有村撮影前に、海外の似たようなジャンルの映画を観させていただきました。でも私が演じた比呂美は、完全なZQNではなく、ZQNと人間が半々だったので、さじ加減が難しくて。佐藤(信介)監督やアクション部の人たちと一緒に、このシーンでは人間の比率が高いのか? ここはZQNの方が高いのか、猫パンチの仕方、猫缶を食べる仕草とか、ひとつずつ話し合って、作っていきました。猫缶を食べるくらいだから、気分は猫っぽいのかなって想像しながら(笑)。ペットではないけど、(大泉洋が演じる主人公の)英雄にとって、比呂美はなんかほっとけない、かわいらしい存在になったらいいなあと思って、演じていました。
有村夏のものすごく暑い時期の撮影でしたが、韓国のスタッフさんたちも、エキストラの方も、たくさん参加してくださいました。言葉が違うので、フラストレーションがたまることもあったかと思うんですけど、みなさん最後までしっかりとつきあってくださって。作品を作る上で、国籍って関係ないんだな、いつでもひとつになることができるんだなって感じられました。私にとっては初めての海外ロケでしたが、すごく楽しめました。
――偶然出会い、行動をともにすることになる、主人公・英雄との関係性については、どう捉えましたか?
有村最初は頼りなさげな感じがしていたけど、英雄さんと神社で話したときに、たぶん比呂美は救われたんだと思います。比呂美はきっと、友人関係もうまくいかないし、いつ死んでもいいかなって思っていたところに、英雄さんが現れて。いろいろ話していくうちに、英雄さんも(人生が)うまくいっていないような、自分と似たところのある人だなって、通じるものを感じたんだと思います。自分がZQNに感染したかもしれないと話しても、一緒に逃げてくれると言ってくれて。この人だったら、守ってくれるかもしれないって、英雄さんの存在を大きく感じたのは、神社からでしたね。それからは背負って運んでくれたり、猫缶を食べさせてくれたり、一生懸命守ってくれようとして、一緒に寄り添ってくれて。

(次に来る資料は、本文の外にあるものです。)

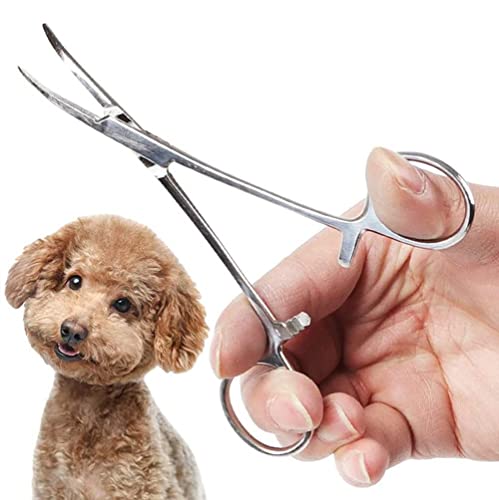 Hundeschere Pfotenschere Hund Pet Ohr Zange Hundesalon Hemostat Hund Pflege Schere Für Ohren Pet Ohr Haar Entferner Pet Schere Pflege Edelstahl Zange Curved,14cm von Sunfauo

カッコよかったですね。
作品世界により踏み込むことができるようになった
有村原作を読ませていただいて、比呂美という女の子がどういう過去を持っていたかということをすごく考えました。2年前に撮影した作品ですが、実際に比呂美の過去が描かれるのはほんの一瞬だったので、瞬発的な部分でどう勝負できるかな? とずっと思っていました。
――この2年の間に、本当にたくさんの作品に参加されましたよね。
有村『ストロボ・エッジ』『映画 ビリギャル』(2015年)を撮る前だったので、まだまだ踏み込みきれていなかった部分もあったと思います。この2作で学んだことが、ものすごくたくさんあって……。それ以前の作品は、もう二度と戻れない、ある意味、貴重な瞬間だったと思うんです。今作のあとに舞台『ジャンヌ・ダルク』(2014年)もやらせていただき、あの頃とは顔つきも変わったと思います。

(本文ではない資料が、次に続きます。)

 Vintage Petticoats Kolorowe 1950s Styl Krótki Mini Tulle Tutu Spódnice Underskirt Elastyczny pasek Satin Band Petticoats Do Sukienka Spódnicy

有村作品世界に、自分がより踏み込むことができるようになったというか。デビュー当時のことを考えると、とにかく自分の役を一生懸命生きることしかできなくて。自分のことに精一杯で周りを見ることができませんでした。それが、経験を積むうちにだんだん広く見られるようになってきました。スタッフさんたちの想いも感じられるようになってきて、その作品にかける気持ちがみなさんと同じになれてきたというのか。同じ熱量をもって、携わることができてきた気がして。毎回“この作品がいい作品になるように”って思いながら、撮影させていただいています。まず、スタッフさんたちの心を動かす芝居ができたらなってところを大事にして、いまは取り組んでいます。
――視野が広がっていく一方で、3月までヒロインを務めた月9ドラマ『いつかこの恋を思い出してきっと泣いてしまう』(フジテレビ系)などでの、繊細な仕草のお芝居もすばらしかったです。役への向き合い方にも、変化はありましたか?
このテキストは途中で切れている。